PROMPT.
In the listing that follows, the lines starting at the one containing "Photo of SUV" and ending at the one containing "Toyota Camry Luxury - 3" are to be returned exactly, both boundary lines included, and no others.

********************

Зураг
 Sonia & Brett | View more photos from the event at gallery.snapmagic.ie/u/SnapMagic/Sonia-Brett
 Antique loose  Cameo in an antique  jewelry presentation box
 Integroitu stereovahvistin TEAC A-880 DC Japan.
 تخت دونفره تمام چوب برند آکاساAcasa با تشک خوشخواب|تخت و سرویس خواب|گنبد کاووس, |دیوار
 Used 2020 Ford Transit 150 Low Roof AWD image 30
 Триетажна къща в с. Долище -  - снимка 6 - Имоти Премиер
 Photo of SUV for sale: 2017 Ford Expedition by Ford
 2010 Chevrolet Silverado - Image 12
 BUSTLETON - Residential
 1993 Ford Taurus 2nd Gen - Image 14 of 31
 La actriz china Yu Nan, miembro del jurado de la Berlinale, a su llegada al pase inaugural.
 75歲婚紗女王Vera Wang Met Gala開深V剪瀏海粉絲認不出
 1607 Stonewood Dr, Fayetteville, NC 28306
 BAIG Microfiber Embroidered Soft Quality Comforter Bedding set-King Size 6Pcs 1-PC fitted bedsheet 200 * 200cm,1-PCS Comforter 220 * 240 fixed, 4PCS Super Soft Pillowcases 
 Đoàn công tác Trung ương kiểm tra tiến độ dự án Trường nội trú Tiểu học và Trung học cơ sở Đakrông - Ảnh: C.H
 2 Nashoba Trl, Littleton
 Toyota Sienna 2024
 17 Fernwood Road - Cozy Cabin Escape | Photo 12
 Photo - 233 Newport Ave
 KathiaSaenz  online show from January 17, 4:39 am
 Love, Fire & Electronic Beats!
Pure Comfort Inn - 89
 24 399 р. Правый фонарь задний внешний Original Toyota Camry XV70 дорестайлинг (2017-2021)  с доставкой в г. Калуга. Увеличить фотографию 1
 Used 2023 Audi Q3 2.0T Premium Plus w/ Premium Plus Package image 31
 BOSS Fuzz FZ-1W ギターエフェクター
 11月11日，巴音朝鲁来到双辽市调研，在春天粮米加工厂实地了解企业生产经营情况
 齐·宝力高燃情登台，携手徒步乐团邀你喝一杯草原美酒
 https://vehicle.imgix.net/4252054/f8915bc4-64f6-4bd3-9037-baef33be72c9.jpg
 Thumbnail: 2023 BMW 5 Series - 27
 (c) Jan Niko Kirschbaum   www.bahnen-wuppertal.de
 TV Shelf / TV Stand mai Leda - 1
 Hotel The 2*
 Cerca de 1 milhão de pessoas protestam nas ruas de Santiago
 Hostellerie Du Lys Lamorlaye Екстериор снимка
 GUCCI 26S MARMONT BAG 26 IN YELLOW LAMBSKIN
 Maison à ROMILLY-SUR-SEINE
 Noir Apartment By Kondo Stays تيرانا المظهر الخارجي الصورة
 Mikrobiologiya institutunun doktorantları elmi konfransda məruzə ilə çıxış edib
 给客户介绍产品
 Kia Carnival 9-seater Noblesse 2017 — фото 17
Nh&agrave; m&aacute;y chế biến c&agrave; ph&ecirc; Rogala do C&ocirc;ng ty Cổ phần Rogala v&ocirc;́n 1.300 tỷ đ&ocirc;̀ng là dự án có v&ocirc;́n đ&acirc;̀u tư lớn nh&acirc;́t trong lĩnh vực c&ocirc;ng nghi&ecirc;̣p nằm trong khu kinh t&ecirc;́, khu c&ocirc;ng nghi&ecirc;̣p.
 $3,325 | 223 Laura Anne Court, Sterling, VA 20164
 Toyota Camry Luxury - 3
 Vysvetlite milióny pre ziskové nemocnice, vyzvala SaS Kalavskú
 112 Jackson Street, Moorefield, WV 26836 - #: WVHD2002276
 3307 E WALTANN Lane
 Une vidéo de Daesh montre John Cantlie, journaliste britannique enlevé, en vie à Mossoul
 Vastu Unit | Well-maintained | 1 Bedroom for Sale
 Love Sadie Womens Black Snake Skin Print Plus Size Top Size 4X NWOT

********************

SOLUTION.
 Photo of SUV for sale: 2017 Ford Expedition by Ford
 2010 Chevrolet Silverado - Image 12
 BUSTLETON - Residential
 1993 Ford Taurus 2nd Gen - Image 14 of 31
 La actriz china Yu Nan, miembro del jurado de la Berlinale, a su llegada al pase inaugural.
 75歲婚紗女王Vera Wang Met Gala開深V剪瀏海粉絲認不出
 1607 Stonewood Dr, Fayetteville, NC 28306
 BAIG Microfiber Embroidered Soft Quality Comforter Bedding set-King Size 6Pcs 1-PC fitted bedsheet 200 * 200cm,1-PCS Comforter 220 * 240 fixed, 4PCS Super Soft Pillowcases 
 Đoàn công tác Trung ương kiểm tra tiến độ dự án Trường nội trú Tiểu học và Trung học cơ sở Đakrông - Ảnh: C.H
 2 Nashoba Trl, Littleton
 Toyota Sienna 2024
 17 Fernwood Road - Cozy Cabin Escape | Photo 12
 Photo - 233 Newport Ave
 KathiaSaenz  online show from January 17, 4:39 am
 Love, Fire & Electronic Beats!
Pure Comfort Inn - 89
 24 399 р. Правый фонарь задний внешний Original Toyota Camry XV70 дорестайлинг (2017-2021)  с доставкой в г. Калуга. Увеличить фотографию 1
 Used 2023 Audi Q3 2.0T Premium Plus w/ Premium Plus Package image 31
 BOSS Fuzz FZ-1W ギターエフェクター
 11月11日，巴音朝鲁来到双辽市调研，在春天粮米加工厂实地了解企业生产经营情况
 齐·宝力高燃情登台，携手徒步乐团邀你喝一杯草原美酒
 https://vehicle.imgix.net/4252054/f8915bc4-64f6-4bd3-9037-baef33be72c9.jpg
 Thumbnail: 2023 BMW 5 Series - 27
 (c) Jan Niko Kirschbaum   www.bahnen-wuppertal.de
 TV Shelf / TV Stand mai Leda - 1
 Hotel The 2*
 Cerca de 1 milhão de pessoas protestam nas ruas de Santiago
 Hostellerie Du Lys Lamorlaye Екстериор снимка
 GUCCI 26S MARMONT BAG 26 IN YELLOW LAMBSKIN
 Maison à ROMILLY-SUR-SEINE
 Noir Apartment By Kondo Stays تيرانا المظهر الخارجي الصورة
 Mikrobiologiya institutunun doktorantları elmi konfransda məruzə ilə çıxış edib
 给客户介绍产品
 Kia Carnival 9-seater Noblesse 2017 — фото 17
Nh&agrave; m&aacute;y chế biến c&agrave; ph&ecirc; Rogala do C&ocirc;ng ty Cổ phần Rogala v&ocirc;́n 1.300 tỷ đ&ocirc;̀ng là dự án có v&ocirc;́n đ&acirc;̀u tư lớn nh&acirc;́t trong lĩnh vực c&ocirc;ng nghi&ecirc;̣p nằm trong khu kinh t&ecirc;́, khu c&ocirc;ng nghi&ecirc;̣p.
 $3,325 | 223 Laura Anne Court, Sterling, VA 20164
 Toyota Camry Luxury - 3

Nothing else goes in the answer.